Dataset:
+++

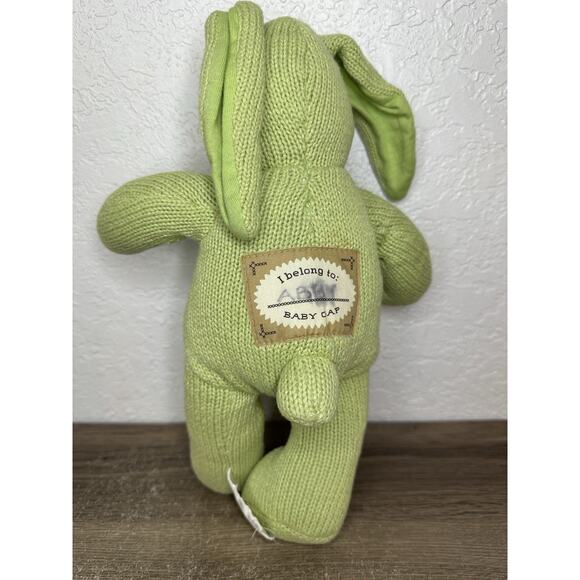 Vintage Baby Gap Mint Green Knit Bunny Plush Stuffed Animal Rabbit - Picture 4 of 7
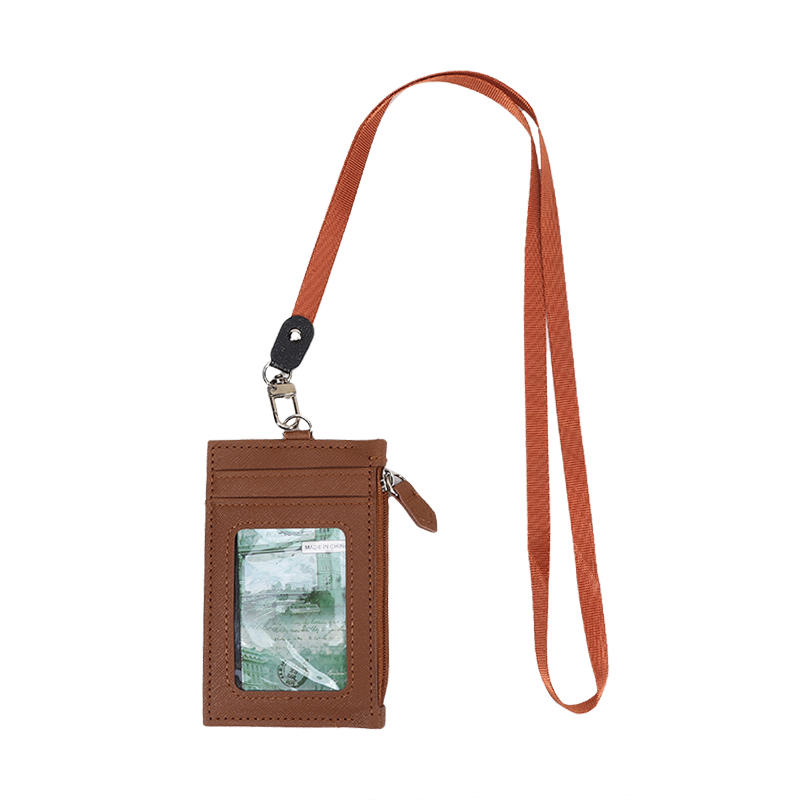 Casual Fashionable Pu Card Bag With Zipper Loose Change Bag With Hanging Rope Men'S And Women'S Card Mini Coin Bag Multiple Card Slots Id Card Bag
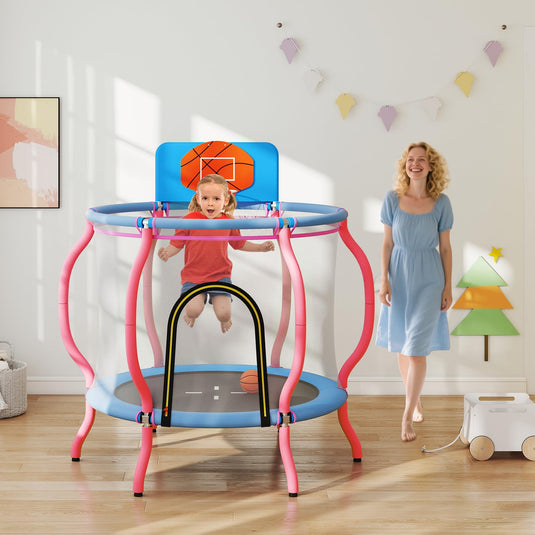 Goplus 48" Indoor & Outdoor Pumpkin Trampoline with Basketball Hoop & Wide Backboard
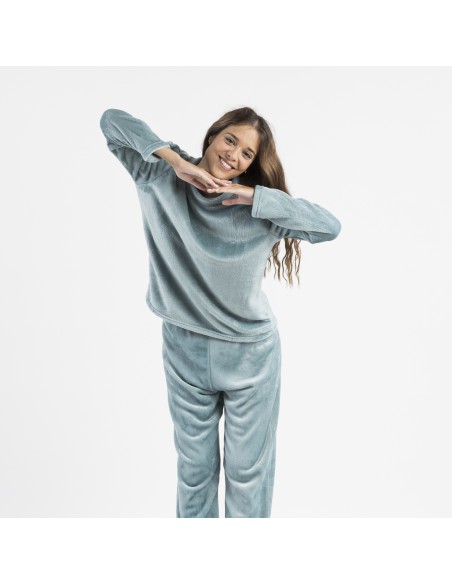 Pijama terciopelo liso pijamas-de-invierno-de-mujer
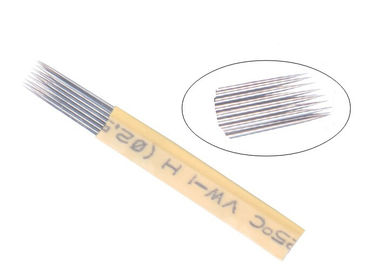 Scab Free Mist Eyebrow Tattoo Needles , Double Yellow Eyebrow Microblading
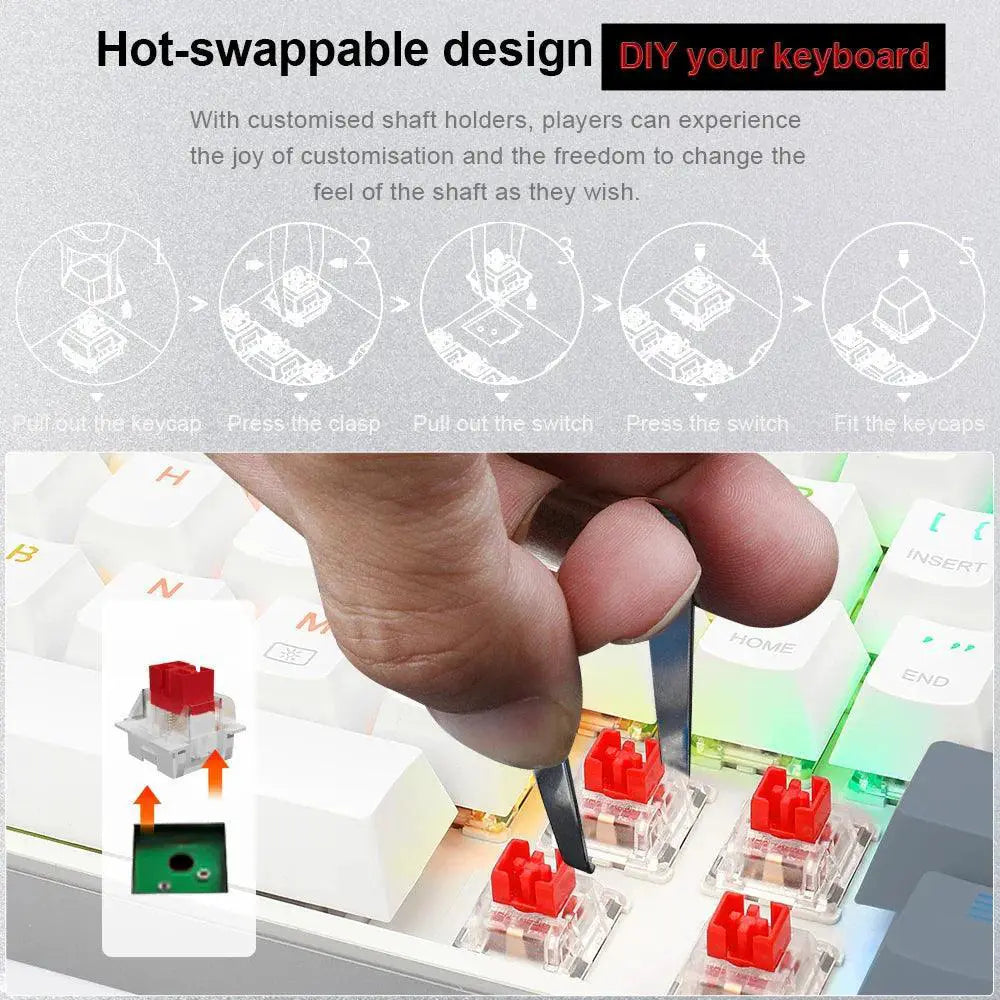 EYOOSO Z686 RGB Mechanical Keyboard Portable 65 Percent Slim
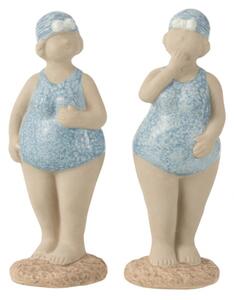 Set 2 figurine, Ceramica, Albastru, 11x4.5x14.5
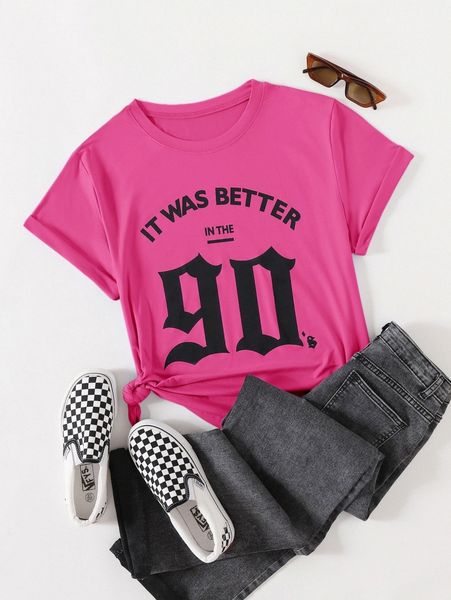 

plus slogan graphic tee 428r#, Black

+++

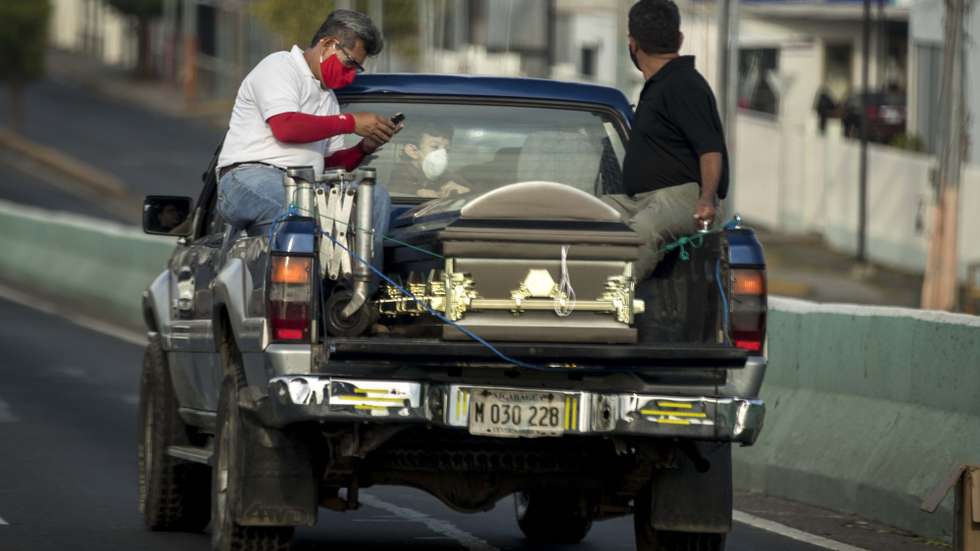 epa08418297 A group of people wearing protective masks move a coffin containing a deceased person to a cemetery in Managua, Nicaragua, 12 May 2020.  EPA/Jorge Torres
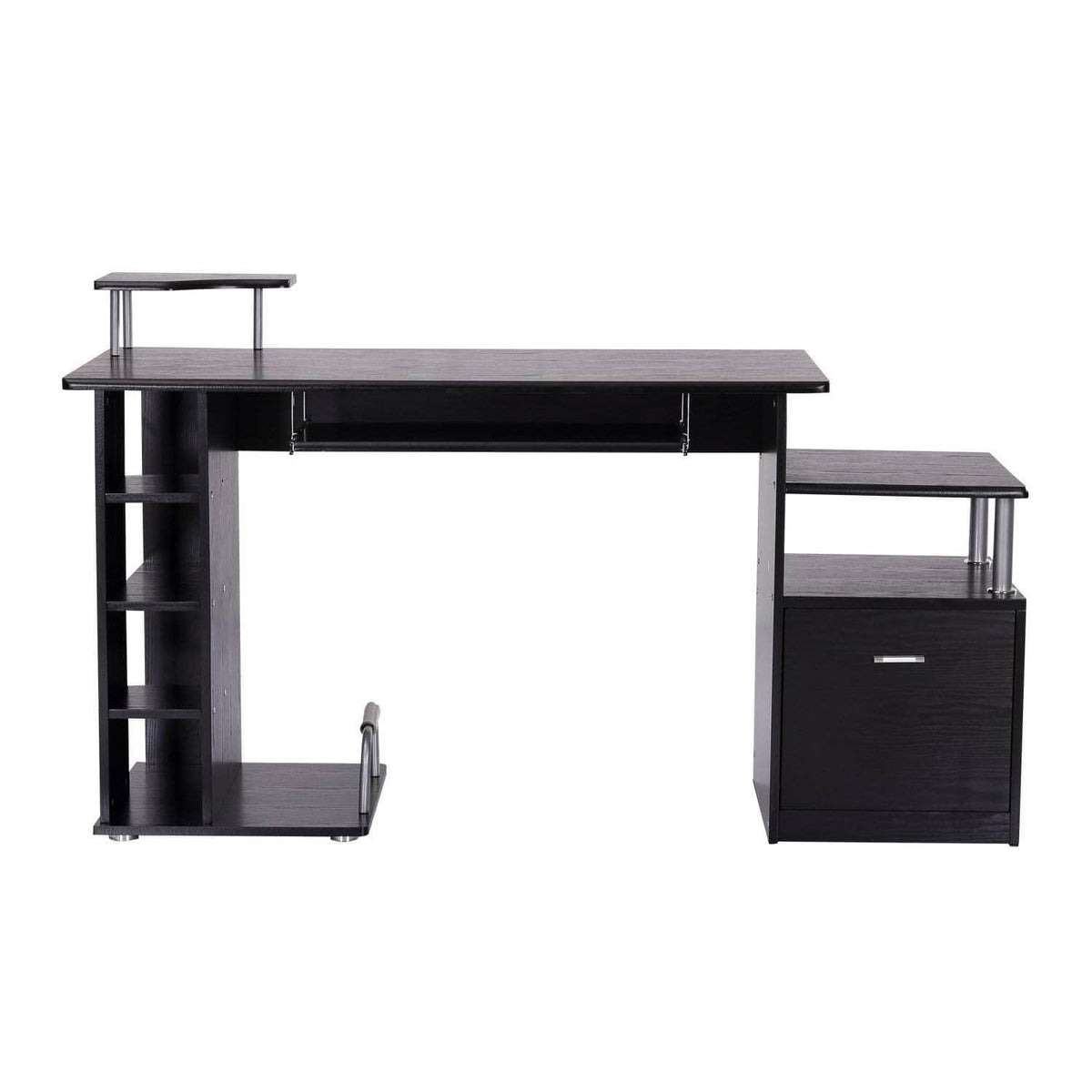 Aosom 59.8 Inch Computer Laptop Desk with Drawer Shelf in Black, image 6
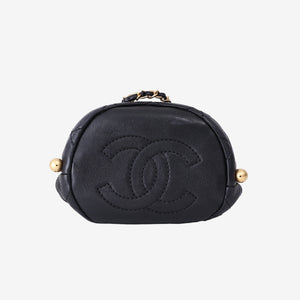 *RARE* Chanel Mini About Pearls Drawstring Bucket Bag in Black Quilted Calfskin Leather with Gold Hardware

+++

Problem description: In the listing above, find the line with "Vintage Baby Gap" and the line with "plus slogan graphic tee 428r#, Black". Copy both of them and every line between, exactly, but not the pictures.

Finished exercise:
 Vintage Baby Gap Mint Green Knit Bunny Plush Stuffed Animal Rabbit - Picture 4 of 7
 Casual Fashionable Pu Card Bag With Zipper Loose Change Bag With Hanging Rope Men'S And Women'S Card Mini Coin Bag Multiple Card Slots Id Card Bag
 Goplus 48" Indoor & Outdoor Pumpkin Trampoline with Basketball Hoop & Wide Backboard
 Pijama terciopelo liso pijamas-de-invierno-de-mujer
 Scab Free Mist Eyebrow Tattoo Needles , Double Yellow Eyebrow Microblading
 EYOOSO Z686 RGB Mechanical Keyboard Portable 65 Percent Slim
 Set 2 figurine, Ceramica, Albastru, 11x4.5x14.5

plus slogan graphic tee 428r#, Black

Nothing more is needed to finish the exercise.